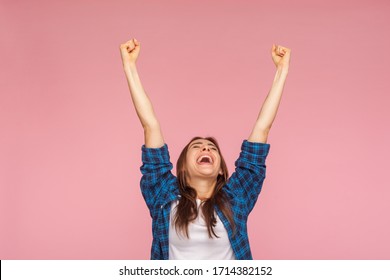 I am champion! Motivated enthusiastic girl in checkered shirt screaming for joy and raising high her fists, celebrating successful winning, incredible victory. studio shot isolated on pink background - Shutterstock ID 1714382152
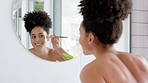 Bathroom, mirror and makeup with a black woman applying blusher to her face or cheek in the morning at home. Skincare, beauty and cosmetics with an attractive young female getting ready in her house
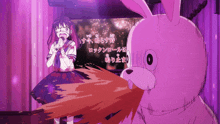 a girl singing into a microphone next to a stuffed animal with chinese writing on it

==

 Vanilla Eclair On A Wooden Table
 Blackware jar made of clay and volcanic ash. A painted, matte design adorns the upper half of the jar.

# About this task:
With pictures omitted, repeat the entries above word for word from the line holding "I am champion!" down to the line holding "a girl singing", keeping both of those lines.

# Exercise answer:
 I am champion! Motivated enthusiastic girl in checkered shirt screaming for joy and raising high her fists, celebrating successful winning, incredible victory. studio shot isolated on pink background - Shutterstock ID 1714382152
 Bathroom, mirror and makeup with a black woman applying blusher to her face or cheek in the morning at home. Skincare, beauty and cosmetics with an attractive young female getting ready in her house
 a girl singing into a microphone next to a stuffed animal with chinese writing on it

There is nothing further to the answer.